Your instructions →
Omit the pictures, then reproduce exactly the line bearing "画像5: TOMORA TOKYO" and every line after it up to and including the last line of the entries below.

[Image-text web data]
=== Section Start ===
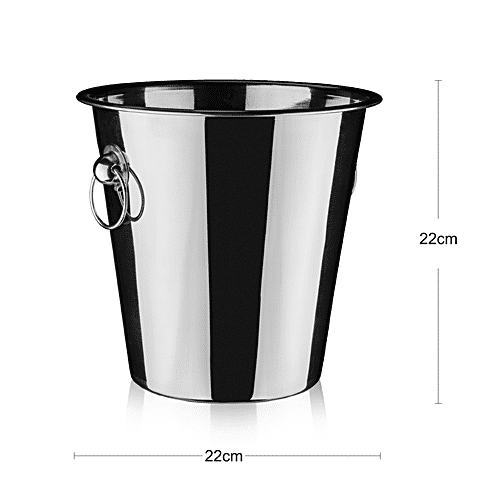 Elephant  Stainless Steel Champagne Bucket With Rings, 4 L  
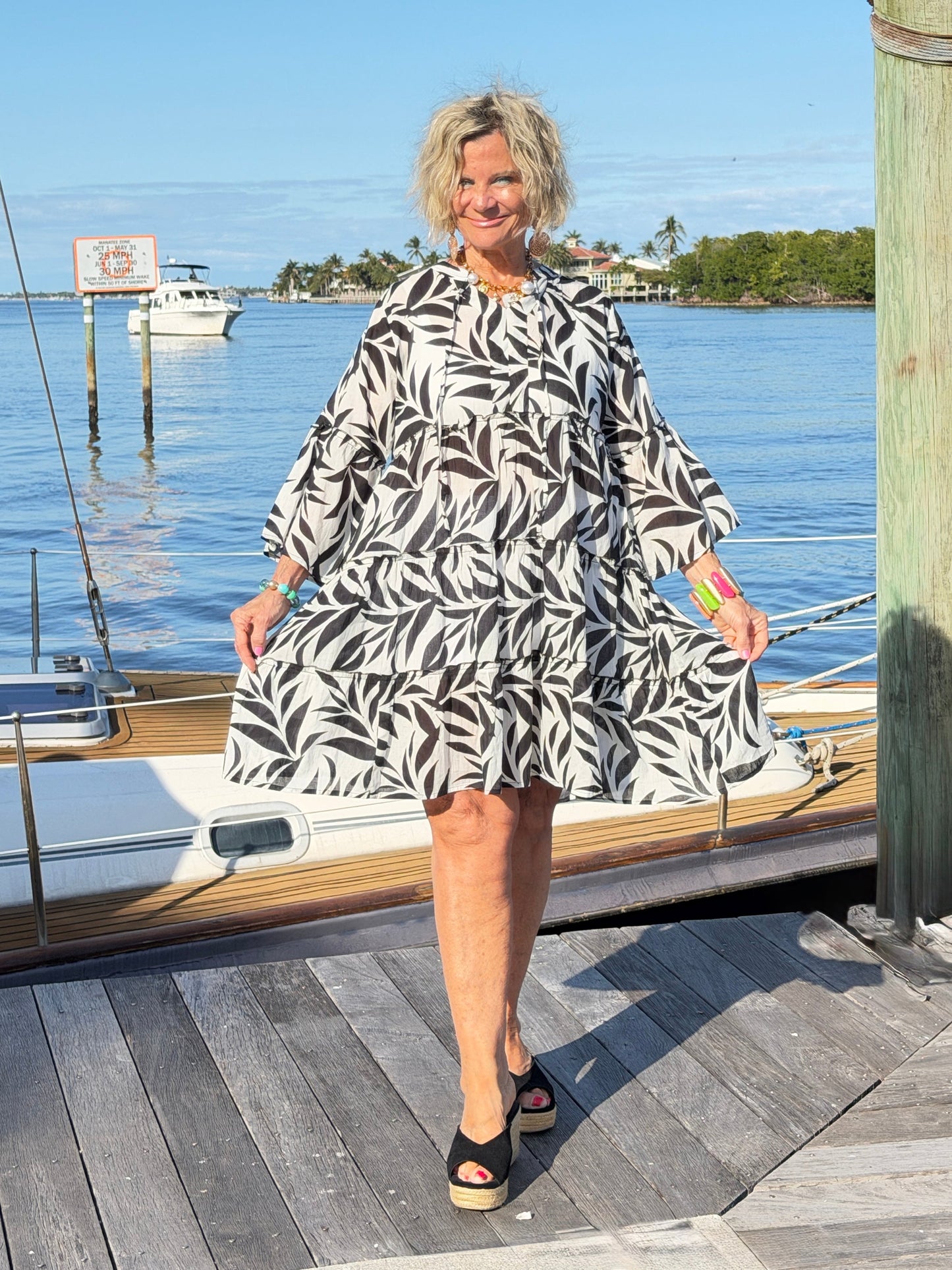 SUMMER DAYS COTTON DRESS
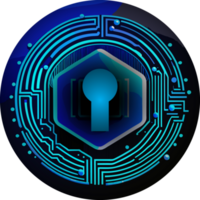 Modern Technology Lock Cybersecurity Crop-out Icon png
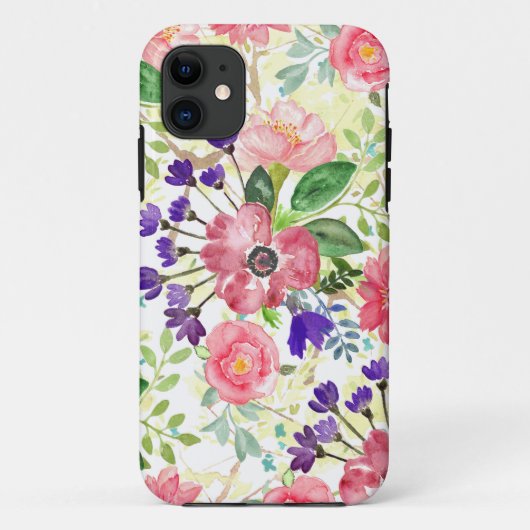 Waterverf tuinbloemen Case-Mate iPhone case (Achterkant)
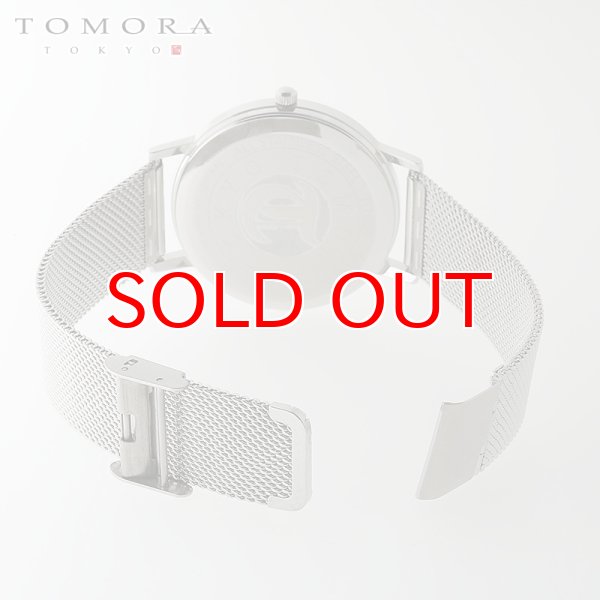 画像5: TOMORA TOKYO t-1603-pwh 日本製クォーツ 日付・曜日カレンダー付き 腕時計 T-1603 PWH (5)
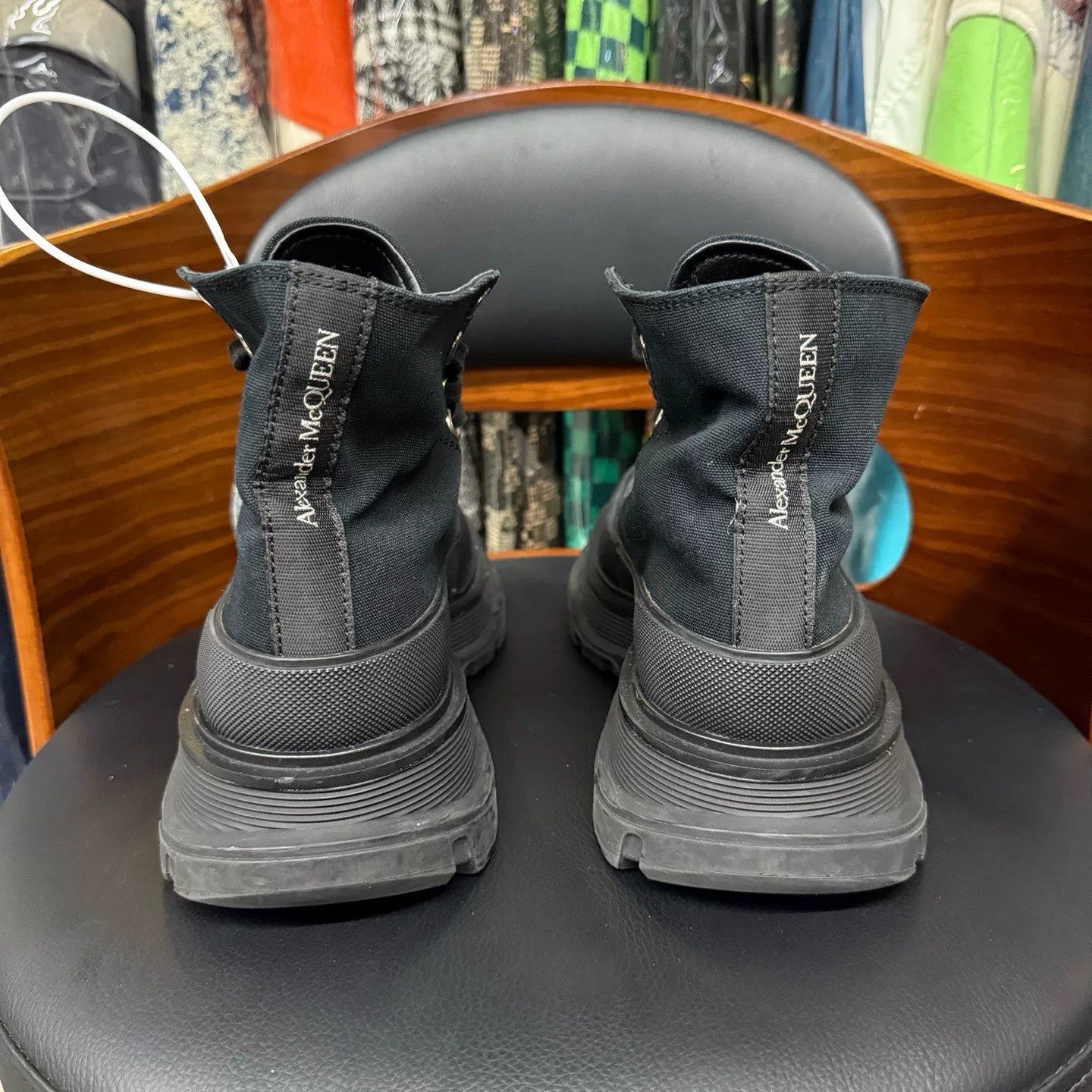 Alexander McQueen Alexander McQueen Black Boots 37 Women Size US 6.5 / IT 36.5 - 3 Thumbnail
=== Section End ===
Response for this exercise →
 画像5: TOMORA TOKYO t-1603-pwh 日本製クォーツ 日付・曜日カレンダー付き 腕時計 T-1603 PWH (5)
 Alexander McQueen Alexander McQueen Black Boots 37 Women Size US 6.5 / IT 36.5 - 3 Thumbnail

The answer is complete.